Year of Publication

2013

Degree Name

Doctor of Philosophy (PhD)

Document Type

Doctoral Dissertation

College

Education

Department

Educational, School, and Counseling Psychology

First Advisor

Dr. H. Thompson Prout

Abstract

Although traditional researchers exploring perfectionism frequently cast the construct in a negative light, a steady stream of recent studies have demonstrated that perfectionistic beliefs can yield both positive and negative outcomes. Despite this progression in the research, perfectionism remains an understudied phenomenon among youth, especially as it relates to the ways in which these individuals are perceived by others. The current study builds on the previous literature by exploring adolescent perfectionism across a variety of psychological and psychoeducational dimensions. Moreover, a unique addition to the literature offered by this study was the inclusion of peer-reports along with self-reported measures in hopes of gaining a fuller understanding of the psychosocial characteristics of perfectionistic youth. The incorporation of peer reports also allowed a novel approach to the study of perfectionism by exploring this construct through the lens of their adolescent colleagues. Self and peer reported data was drawn from a sample of 816 ninth grade students representing three separate high schools.

MANOVA results revealed a number of differences between perfectionistic subtypes across both self and peer-reported data. More specifically, adaptive perfectionists rated themselves as having less anxiety and depression as compared to their maladaptive and non-perfectionistic counterparts. Adaptive perfectionists were also reported to have stronger interpersonal relationships and greater social connectivity than their peers. Moreover, both adaptive and maladaptive perfectionists reported significantly higher GPAs than non-perfectionists. Peer informant data indicated that adaptive perfectionists were rated as having the highest academic expectations followed by maladaptive perfectionists and then non-perfectionists. Contrary to expectations, no significant differences were found between cluster groupings on peer reported social withdrawnness.

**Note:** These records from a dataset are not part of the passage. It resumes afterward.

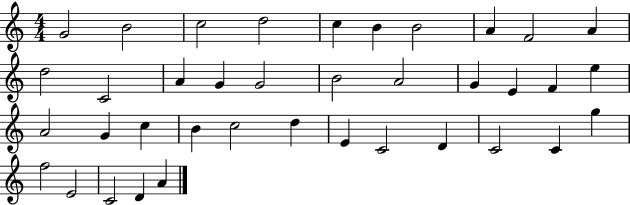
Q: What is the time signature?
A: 4/4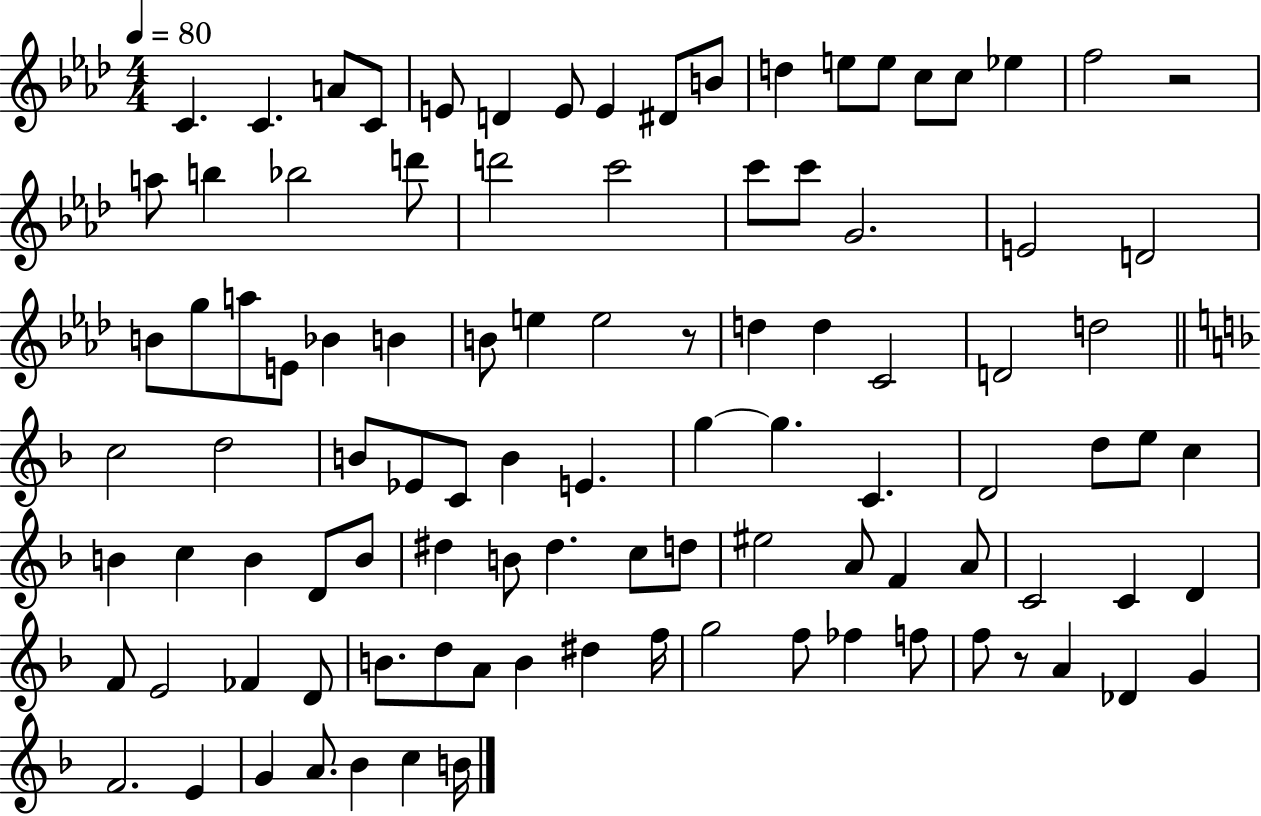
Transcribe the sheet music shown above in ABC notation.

X:1
T:Untitled
M:4/4
L:1/4
K:Ab
C C A/2 C/2 E/2 D E/2 E ^D/2 B/2 d e/2 e/2 c/2 c/2 _e f2 z2 a/2 b _b2 d'/2 d'2 c'2 c'/2 c'/2 G2 E2 D2 B/2 g/2 a/2 E/2 _B B B/2 e e2 z/2 d d C2 D2 d2 c2 d2 B/2 _E/2 C/2 B E g g C D2 d/2 e/2 c B c B D/2 B/2 ^d B/2 ^d c/2 d/2 ^e2 A/2 F A/2 C2 C D F/2 E2 _F D/2 B/2 d/2 A/2 B ^d f/4 g2 f/2 _f f/2 f/2 z/2 A _D G F2 E G A/2 _B c B/4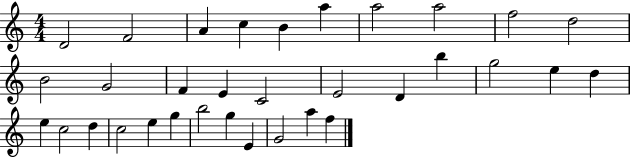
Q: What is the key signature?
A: C major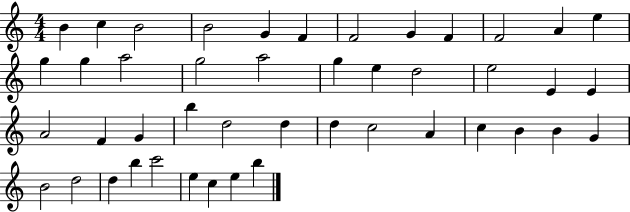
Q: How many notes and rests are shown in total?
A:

Findings suggest that adaptive perfectionism is associated with a range of positive psychological, psychoeducational and psychosocial outcomes. Conversely, maladaptive perfectionism appears to be related to several behaviors which may impede healthy adolescent functioning. Implications regarding the improved assessment of perfectionism and intervention strategies aimed at both students and professionals working within the school domain are discussed.